Allan Phillip Jaffe (April 24, 1935, Pottsville, Pennsylvania - March 9, 1987, New Orleans) was an American jazz tubist and the entrepreneur who, along with his wife Sandra, developed Preservation Hall into a New Orleans jazz tradition.

Jaffe's grandfather was Russian-Jewish as was his father-the grandfather played french horn in the Imperial Russian Army. His father was a mandolin player and teacher. Jaffe learned piano and cornet before settling on tuba in junior high school. He studied at the University of Pennsylvania before joining the Army. He was stationed to Fort Polk, Louisiana.

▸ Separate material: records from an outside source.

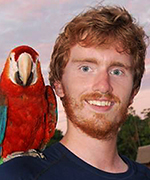 photo of Jason Connel Young with parrot friend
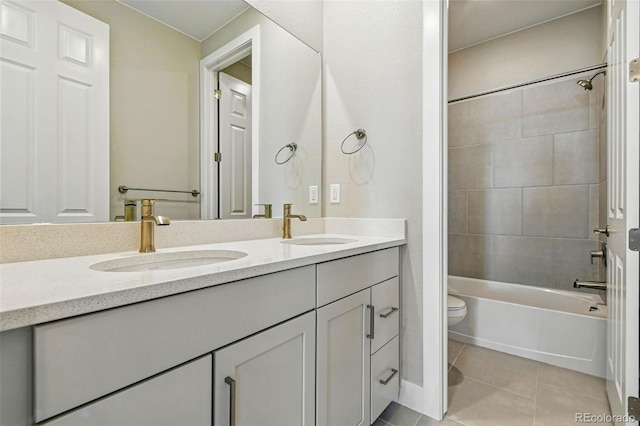 full bathroom with toilet, tile patterned flooring, a sink, and double vanity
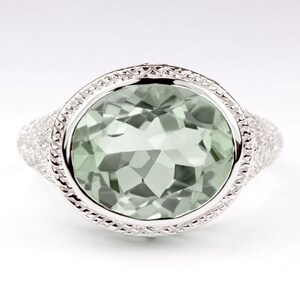 May include: A silver ring with a large, round, light green gemstone set in a bezel setting. The ring has a textured band with smaller gemstones.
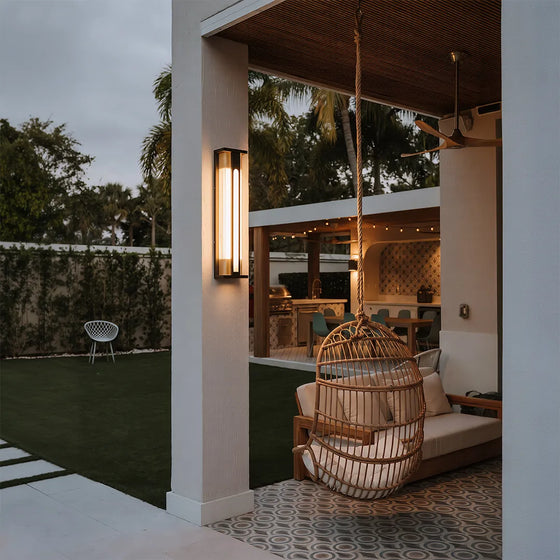 Modern solar wall sconce with warm glow beside covered patio and outdoor lounge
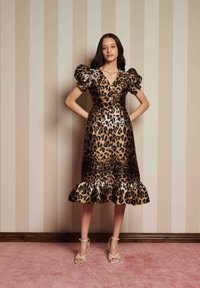 Vestido de padrão de leopardo com mangas bufantes, um decote em V e uma bainha com folhos. O material tem um acabamento lustroso. Usado com saltos beiges de tiras.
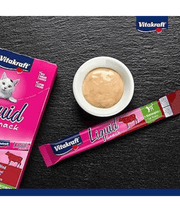 Vitakraft Liquid Snack Beef in a bowl with sachet on a dark surface, ideal for cat digestive support.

Following his discharge, Jaffe moved to New Orleans in 1961, where he took over management of Preservation Hall. As owner of the facility, he played a major role in the New Orleans jazz revival of the 1960s, shepherding the latter-day careers of George Lewis, Jim Robinson, Alcide Pavageau, Punch Miller, Chester Zardis, Kid Sheik Cola, Percy Humphrey, Willie Humphrey, Kid Thomas Valentine, Billie and De De Pierce, and others.

He also played the tuba in the Preservation Hall Jazz Band and took the group on tours worldwide, booking them into the finest music and performance halls and making appearances at cultural events of note even in small communities.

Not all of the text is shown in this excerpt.